The board is generated in a unique single pass operation.
In the prior art, certain sandwich-like products are produced by separately making the outer skins and adhering them to the core material using an adhesive layer. The present invention is significantly superior. That is, the method of the present invention is not only simple by avoiding the use of adhesive layers, but also allows density differentiation of products to occur without the need for separate lamination and compaction operations. The pearlite cored products described above provide a particularly good example of this phenomenon. The outer layer of mineral wool and binder has a low compressive strength, while the expanded pearlite core has a relatively high compressive strength. When the composite structure is compressed, the core acts as an anvil against which the outer layers are compressed. This increases the density of the outer layer, but does not inherently increase the density of the core. At the same time, the core adapts to any irregularities in the outer layer,
This gives a smooth outer surface with uniform density. Another method to differentially increase the density of composite structures is sequential curing of the core and skin. For example, a composite structure is prepared consisting of a core with a mixture having a lower curing temperature than the skin mixture, and the composite structure is directly connected to a temperature adjusted to cure the core binder but not the skin binder. When passed through convection, a structure with an uncured skin is produced. These skins are then compressed against the core and hardened to produce very dense skins. Similarly, the same effect can be obtained by using a binder with similar properties but excluding the necessary curing component from the skin binder. When the necessary ingredients are then added and the composite is compacted and cured, a dense, hard skin is again obtained. An example of the latter method is the use of a binder such as a novolak phenol formaldehyde resin in which the crosslinker hexamethylenetetramine is excluded. These and a wide variety of other structures with varying properties can be produced in accordance with the present invention. Other advantages and characteristics of the invention will become more apparent by reference to the following examples. EXAMPLE This example demonstrates the preparation of a product consisting of about 87% mineral wool and 13% powdered phenolic binder, with the resulting product having a thickness of about 1.5 inches (38 mm) and a thickness of about 6 mm.

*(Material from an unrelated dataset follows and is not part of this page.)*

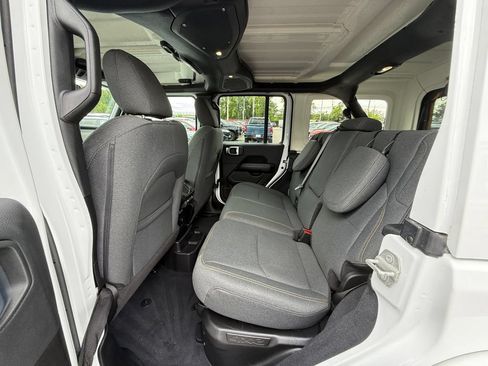 Used 2024 Jeep Wrangler Unlimited Sahara AWD/4WD image 23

It has a density of lb/ft ³ (0.096 g/cm ³ ). This product was prepared using equipment having dual matting zones such as that shown in FIG. Identification numbers refer to those used in each figure. The lower mat forming zone 83 used in this and subsequent examples is constructed of Plexiglas and the distance between the nip opening 47 and the back panel 67 is approximately
109 inches (2768 mm) with 68 side panels
The zone width measured between and 69 is approximately 26 inches (660
mm), and the height measured in the vertical direction between the wire mesh 45 and the center point of the Ritzkin roller 42 was about 42 inches (1067 mm). The angle of the nip opening 47 was about 25 degrees. Upper mat forming zone 84 had a distance between nip opening 47 and back panel 67 of approximately 84 inches (2134 mm) and was approximately the same width and height as mat forming zone 83. For each mat forming zone 83, 84, mineral wool fibers were separated and fed onto conveyor 30 at a rate of 7.56 pounds per minute (3.43 Kg) using a Vectroflo® gravity feed device. The phenolic resin was delivered onto the fibers through station 32 at a rate of 2.25 pounds per minute (1.02 Kg). This material was mixed on napping rolls 33 and then fed to the respective fiberizing devices 34. The wire mesh within each chamber is converged at approximately 10 feet (30.5 m) per minute, and the air is converged at approximately 10 feet per minute.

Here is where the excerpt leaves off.